Dans le cadre du 7ᵉ congrès de l’Association pour l’étude de la guerre et de la stratégie (AEGES), un panel s’est tenu à Sciences Po Aix le 19 juin autour d’un sujet aussi ancien qu’actuel : « Prométhée aux Enfers. Permanences et mutations de la guerre chimique ». Un thème fort, à la hauteur des enjeux scientifiques, historiques et politiques qu’il soulève.

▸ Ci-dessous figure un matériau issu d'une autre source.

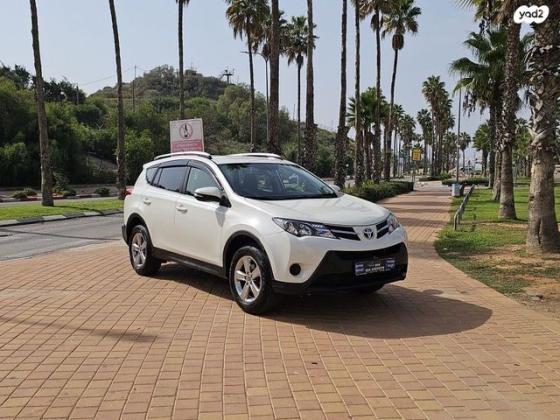 טויוטה RAV4 ארוך 4X4 GLI MC אוט' 2.0 (152 כ"ס) בנזין 2015 למכירה בראשון לציון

En ouverture, Christophe Lafaye, historien et chercheur, a rappelé que ce panel s’inscrivait dans la continuité d’une réflexion lancée en 2023 à Bordeaux sur l’histoire des armes chimiques. Il a salué l’engagement des co-organisateurs — Pierre Journoud, Lina Leyla Abdelaziz, Olivier Lepick — et des modérateurs Antonin Plarier et Claude Lefebvre, avant d’enraciner son propos dans une réalité brûlante : la guerre n’a jamais quitté le monde, mais elle revient aujourd’hui au cœur de l’Europe et du Moyen-Orient, avec des civils comme premières victimes.

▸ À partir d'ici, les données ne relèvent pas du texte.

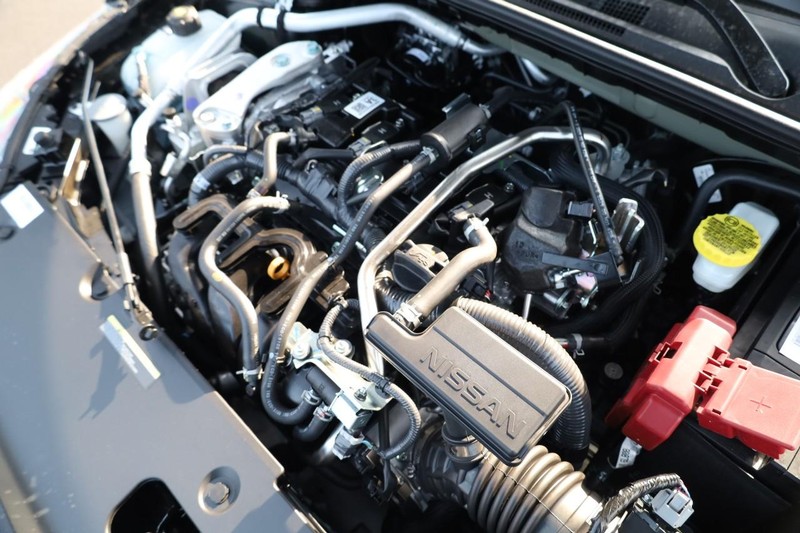 Nissan Sentra Vehicle Image 25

Pour Christophe Lafaye, dans un monde secoué par les populismes, les replis autoritaires et les guerres d’information, les sciences humaines et sociales doivent tenir bon. Elles doivent résister, dialoguer, produire du sens — surtout face à la montée de l’intelligence artificielle, des réalités alternatives et de la censure des archives.
« Le monde a besoin de raison. Notre responsabilité est de ne pas perdre le sens de notre métier de chercheur. »
Ce panel invite à penser la guerre chimique au-delà des cadres militaires traditionnels. Il s’agit de comprendre comment la chimie s’est immiscée dans les pratiques de guerre, mais aussi dans les dispositifs de maintien de l’ordre, souvent au service de projets coloniaux ou impériaux. Des campagnes d’Afghanistan en 1919 à la guerre d’Algérie, en passant par l’Irak, le Vietnam ou la Syrie, l’usage d’agents toxiques continue d’échapper à l’histoire officielle, protégé par le secret, le flou, l’absence d’archives.
> « Il n’existe pas d’armes chimiques non létales. Toute exposition à un agent toxique, selon la dose et le temps, tue », a rappelé Christophe Lafaye, dénonçant les discours pseudo-humanitaires qui ont parfois entouré ces armes.
Clôturant son intervention sur une note humaniste, le chercheur a rapporté les mots d’un ancien soldat français en Algérie :
> « Si nous les avions considérés comme des êtres humains comme nous, nous ne nous serions pas permis tout cela. »
Un appel fort à replacer l’autre — y compris l’ennemi — au cœur des préoccupations scientifiques et éthiques. Un rappel salutaire que l’étude de la guerre n’est jamais neutre, mais peut, si elle est bien menée, contribuer à la compréhension et à la paix.